Die reflexiven Mechanismen der Polizei immunisierten so gegen Kritik von außen, statt Polizeigewalt wirksam zu kontrollieren. Statt Lernen und Veränderung gehe es nur um Selbsterhalt mit allen Mitteln. Auch die Forschung habe es da schwer, wenn sie traditionelle Praktiken infrage stelle.

Mehr Kontingenzbeobachtung für Veränderung

Um diese problematische Gewaltanfälligkeit und Selbstimmunisierung der Polizei zu überwinden, fordern Körner und Staller mehr “Kontingenzbeobachtung” von außen. Vor allem die Wissenschaft könne der Polizei damit andere Perspektiven aufzeigen und Veränderungen anstoßen.

Denn bisher seien externe Beobachtungen für die Polizei nur schwer verdauliche Störungen, die kaum Wirkung zeigten. So würden Studien zu problematischen Aspekten wie Racial Profiling oder der Militarisierung der Polizei ignoriert.

Stattdessen müsse die Polizei lernen, externes Wissen zu integrieren und die eigene Ausbildung und Praxis kritisch zu reflektieren. Die Autoren betonen, dass eine Reform “von innen” kommen müsse. Die Polizei müsse Strukturen schaffen, die Kontingenzbeobachtung und Kritikfähigkeit systematisch ermöglichen.

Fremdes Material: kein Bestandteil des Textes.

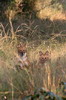 Inde - Parc National de Bandhavgarh - Dh�les (chiens sauvages)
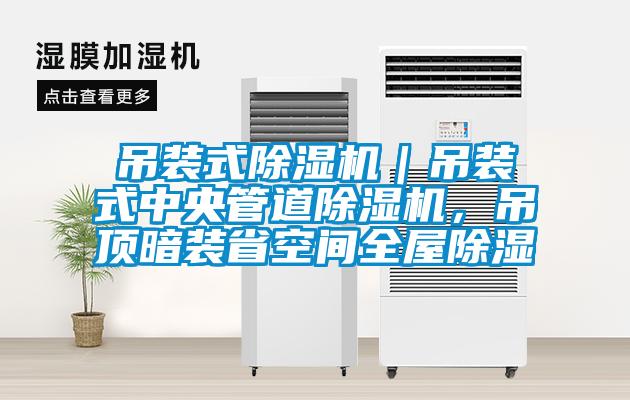 吊裝式除濕機｜吊裝式中央管道除濕機，吊頂暗裝省空間全屋除濕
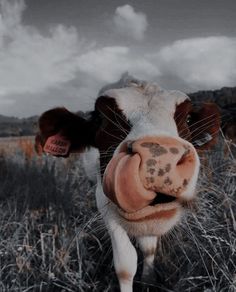 a brown and white cow sticking its tongue out while standing in tall grass on a cloudy day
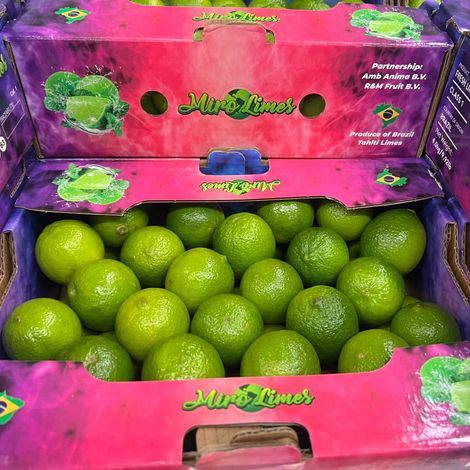 Premium Fresh Limes from Brazil — Zesty Flavor, High Quality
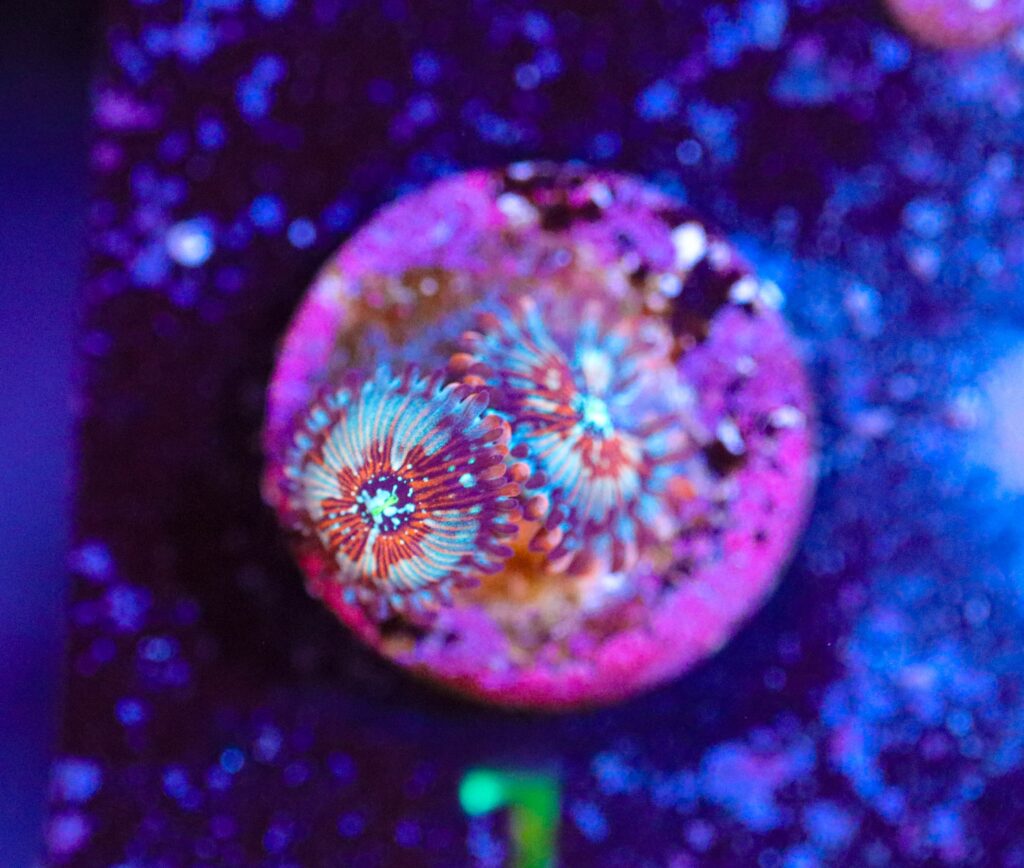 Frag Box Corals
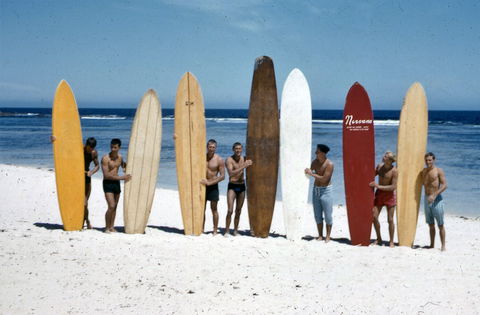 Aravina Estate - Tourism Noosa 2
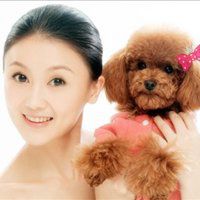 超萌泰迪狗狗头像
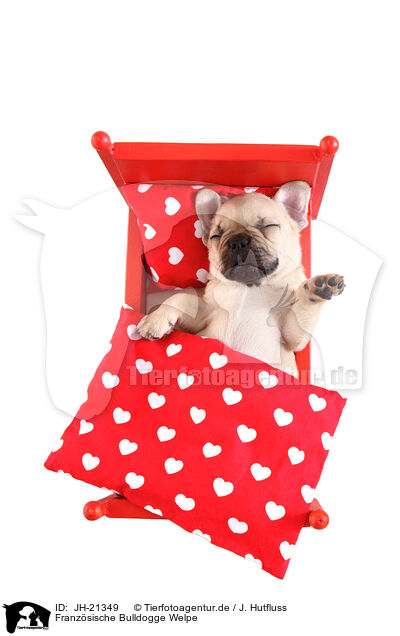 Franzsische Bulldogge Welpe / French Bulldog Puppy / JH-21349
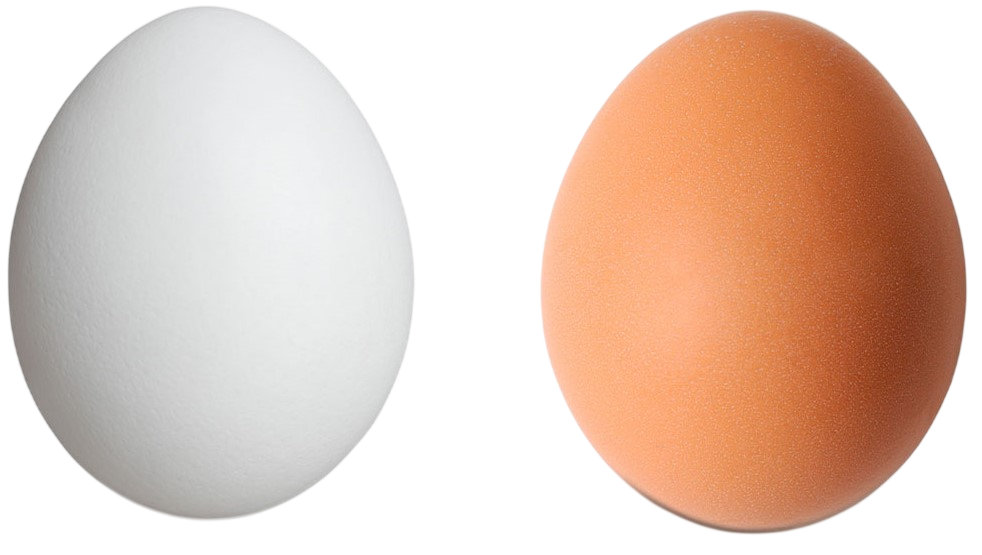 Huevo Jumbo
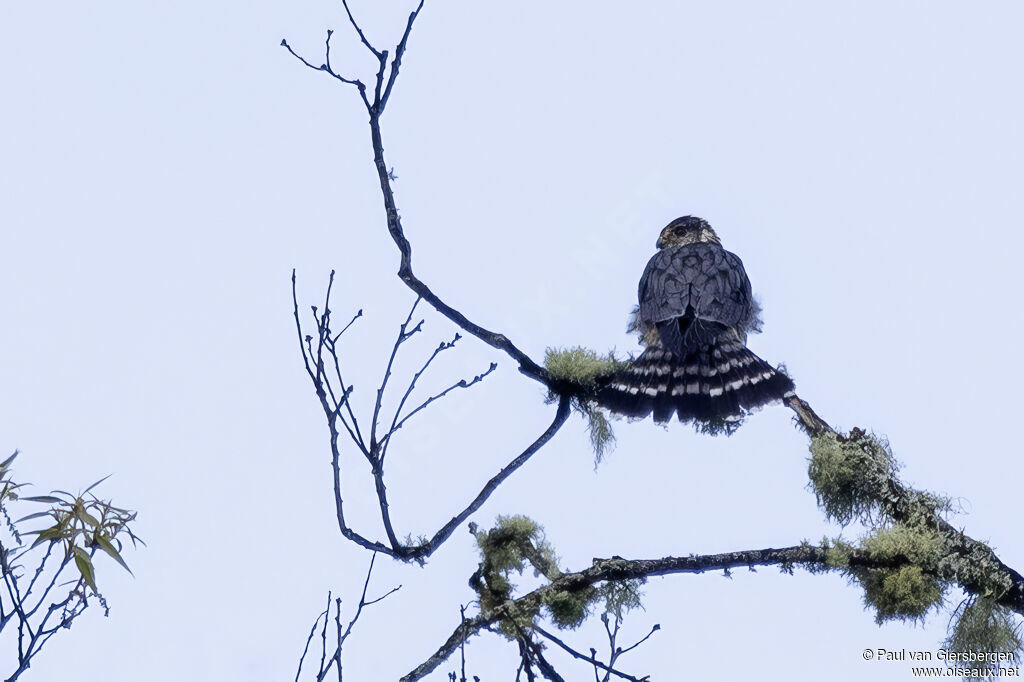 Faucon émerillonadulte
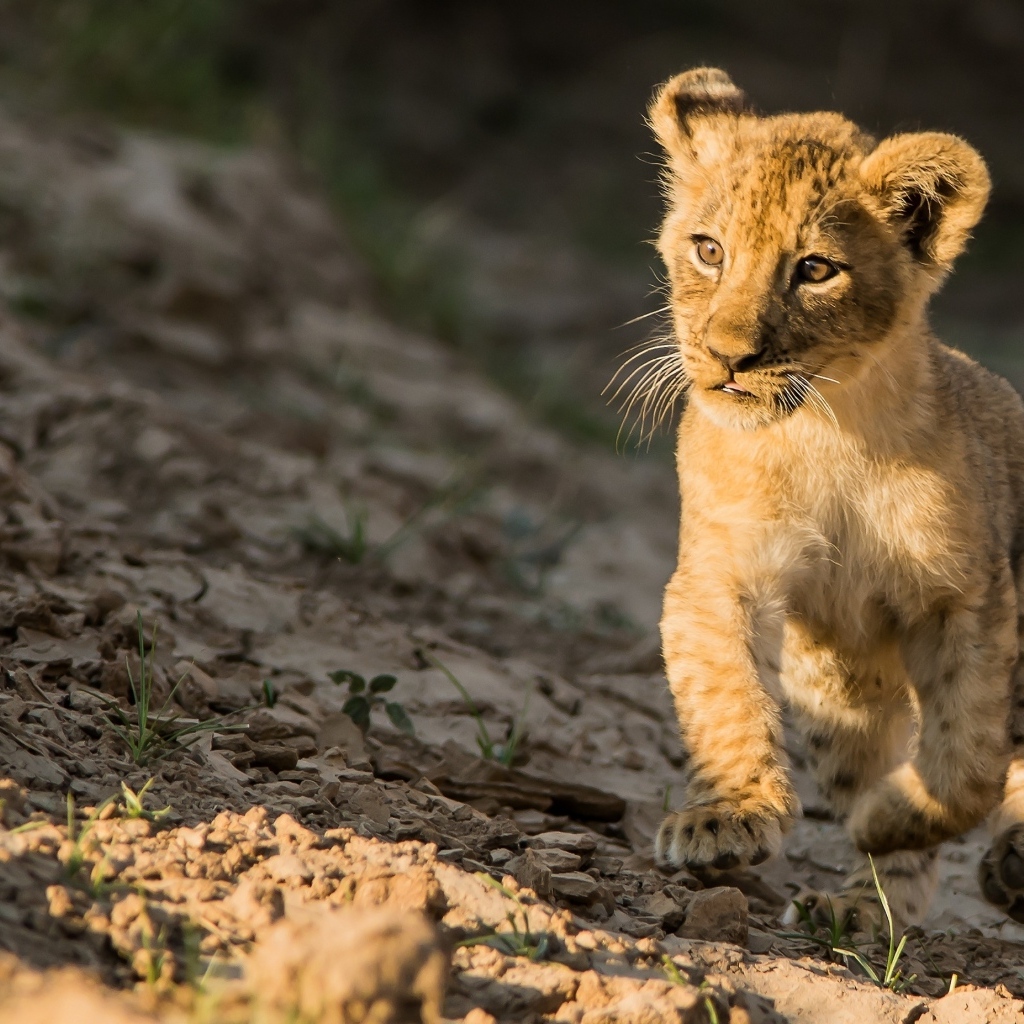 Маленький милый львенок бежит по земле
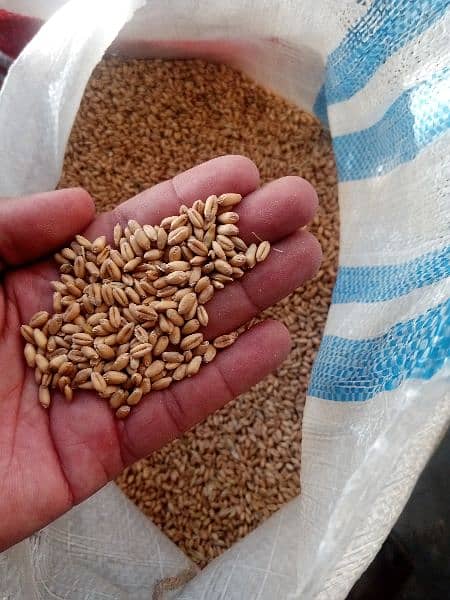 wheat for sale 2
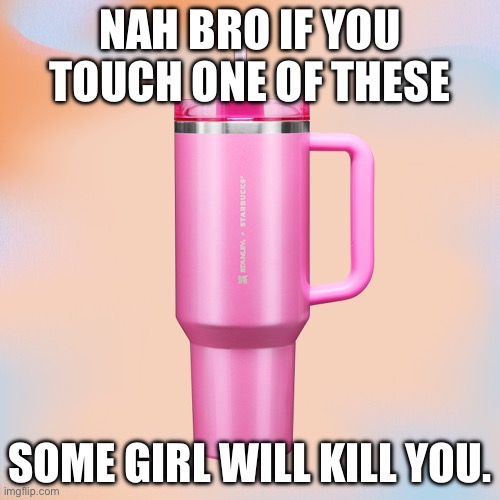 Pink Stanley Cup | NAH BRO IF YOU TOUCH ONE OF THESE; SOME GIRL WILL KILL YOU. | image tagged in pink stanley cup | made w/ Imgflip meme maker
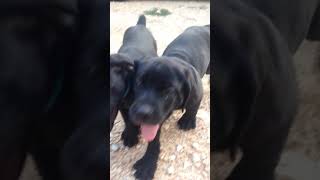 Video preview image #2 Cane Corso Puppy For Sale in IMPERIAL, MO, USA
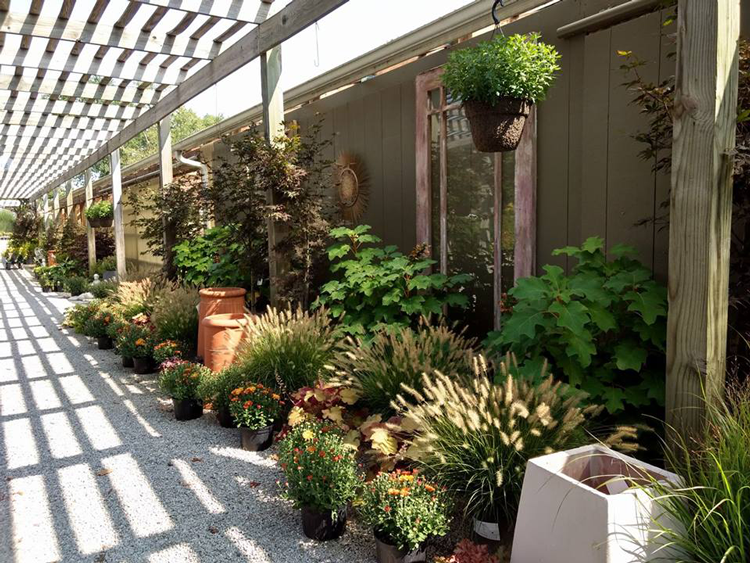 Garden Centers in Akron Canton Ohio
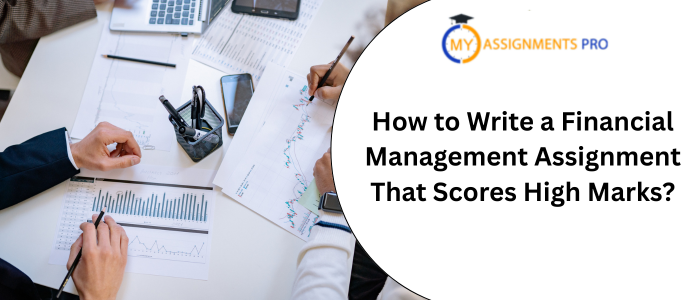 How to Write a Financial Management Assignment That Scores High Marks?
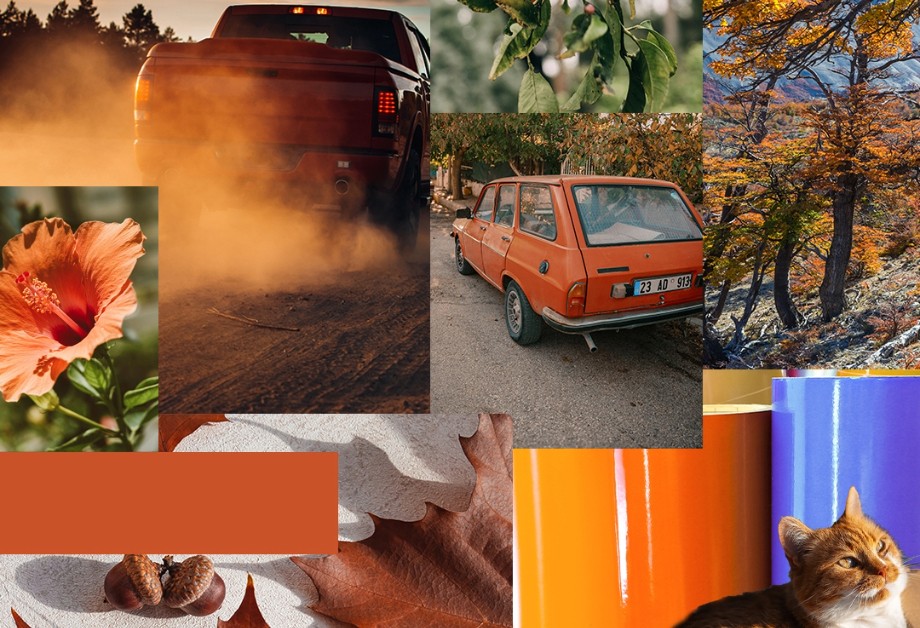 color-match-rust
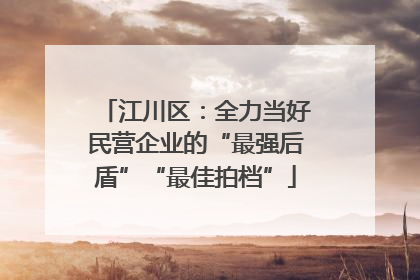 江川区：全力当好民营企业的“最强后盾”“最佳拍档”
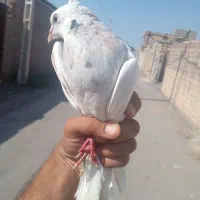 طوقی عروسک|پرنده|بم, |دیوار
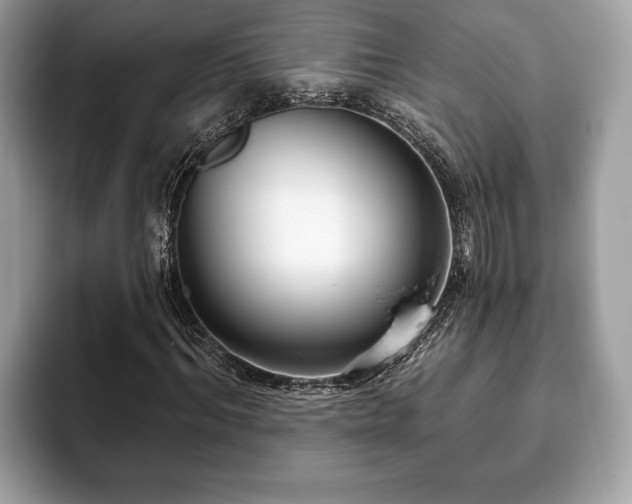 X0000093400964200710190921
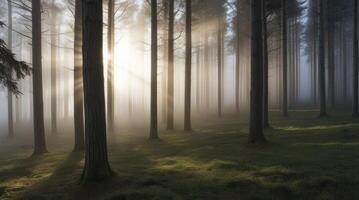 Sun Rays Shining Through Misty Forest Canopy with Green Grass photo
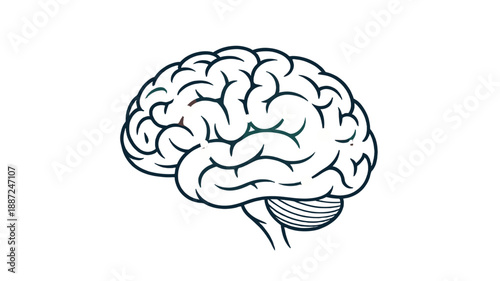 An illustrative side view of a human brain.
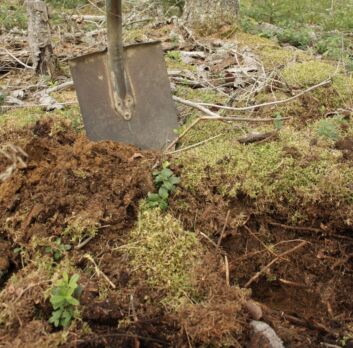 Ruotsissa ihmetellään, miten ruotsalaisen kivennäismaametsän maaperä voi sitoa itseensä kolme kertaa enemmän hiiltä kuin vastaavan suomalaismetsän maaperä. (Kuvaaja Valtteri Skyttä) (Kuvaaja: Valtteri Skyttä)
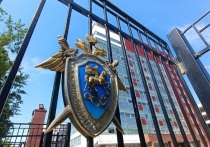 Глава Следственного комитета России Александра Бастрыкин поручил руководителю Следственного управления СКР по Свердловской области Богдану Францишко доложить о ходе проверки по информации о травмировании ребенка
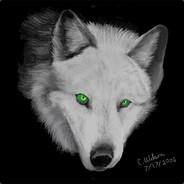 SilverWolf347's Stream profile image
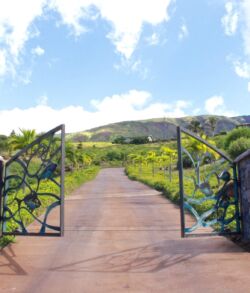 Open wrought iron gate leading to a vineyard pathway under a partly cloudy sky.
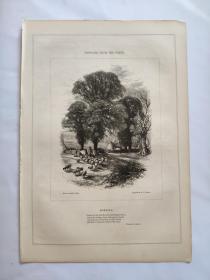 1850年 木版插画  木口木刻 版画之3 双面印制图文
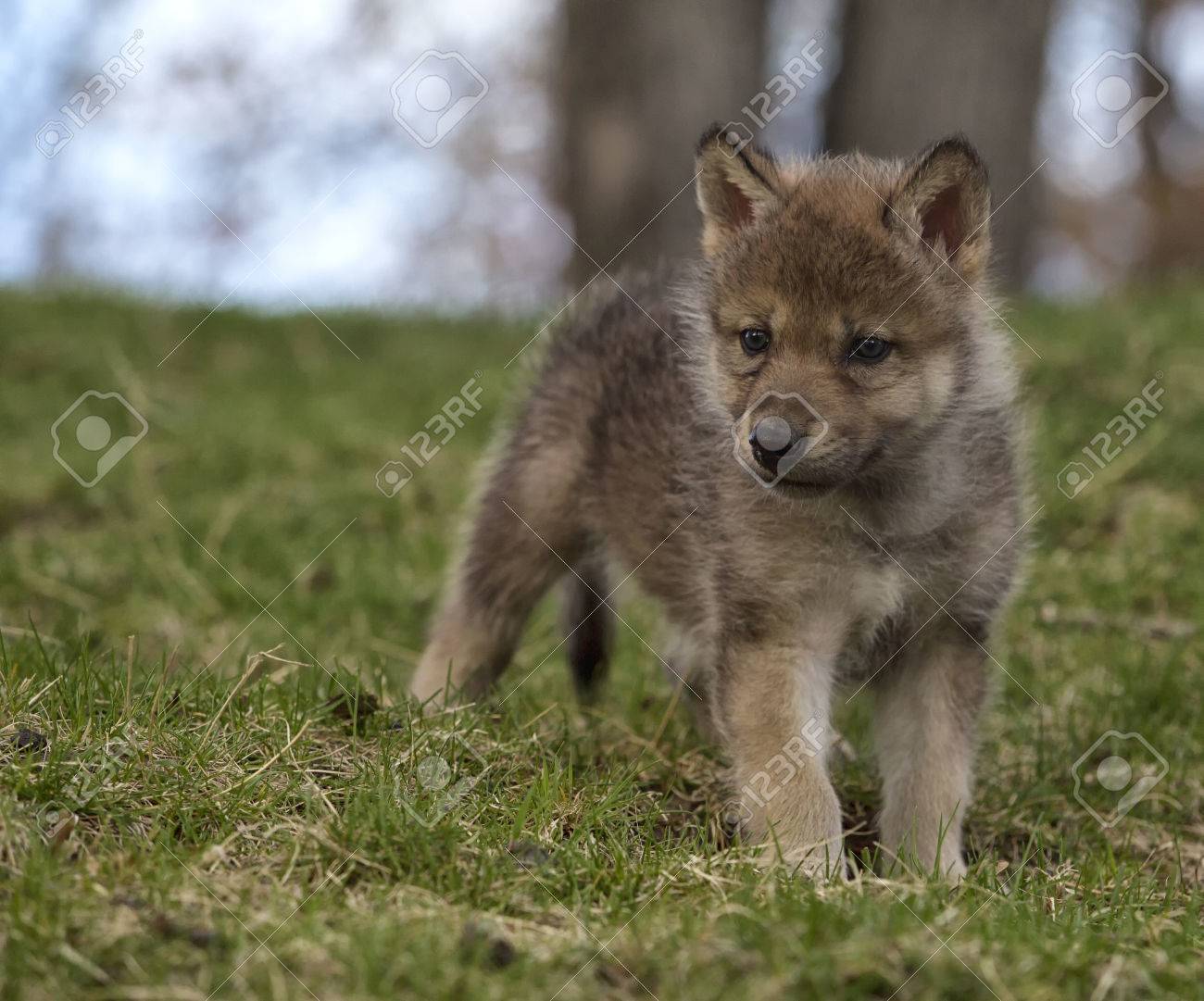 young gray wolf or timber wolf pup standing on a hillside stock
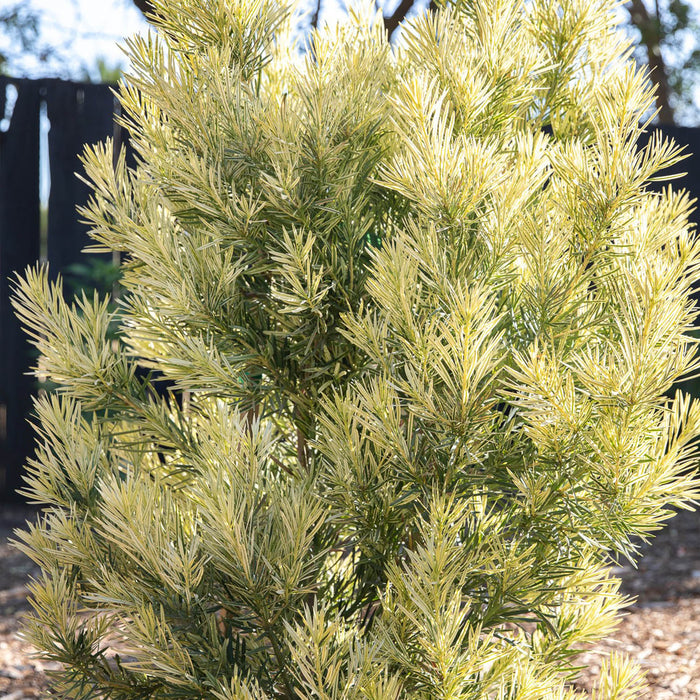 Podocarpus Roman Candle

Nur so könne die grundsätzliche Gewaltanfälligkeit reduziert und die Kontrolle der Polizeigewalt wirklich verbessert werden, schlussfolgern Körner und Staller. Ihre brillante Studie liefert damit wichtige Denkanstöße in der aktuellen Debatte um Polizeigewalt und -kontrolle.

Fazit

Die Studie zeigt eindrücklich: Die Gewaltanfälligkeit der Polizei ist strukturell angelegt. Interne Selbstbeschreibungen und Kontrollmechanismen verstärken das Problem eher, als es zu lösen. Um Polizeigewalt wirksam zu begrenzen, braucht es daher mehr externen Blick und Kritik – sowie die Bereitschaft der Polizei, diese zur Veränderung zu nutzen. Nur so kann die Kontrolle der Gewaltkontrolle wirklich gelingen. Die Analyse von Körner und Staller liefert einen wichtigen Beitrag, um dieses drängende Problem besser zu verstehen und anzugehen.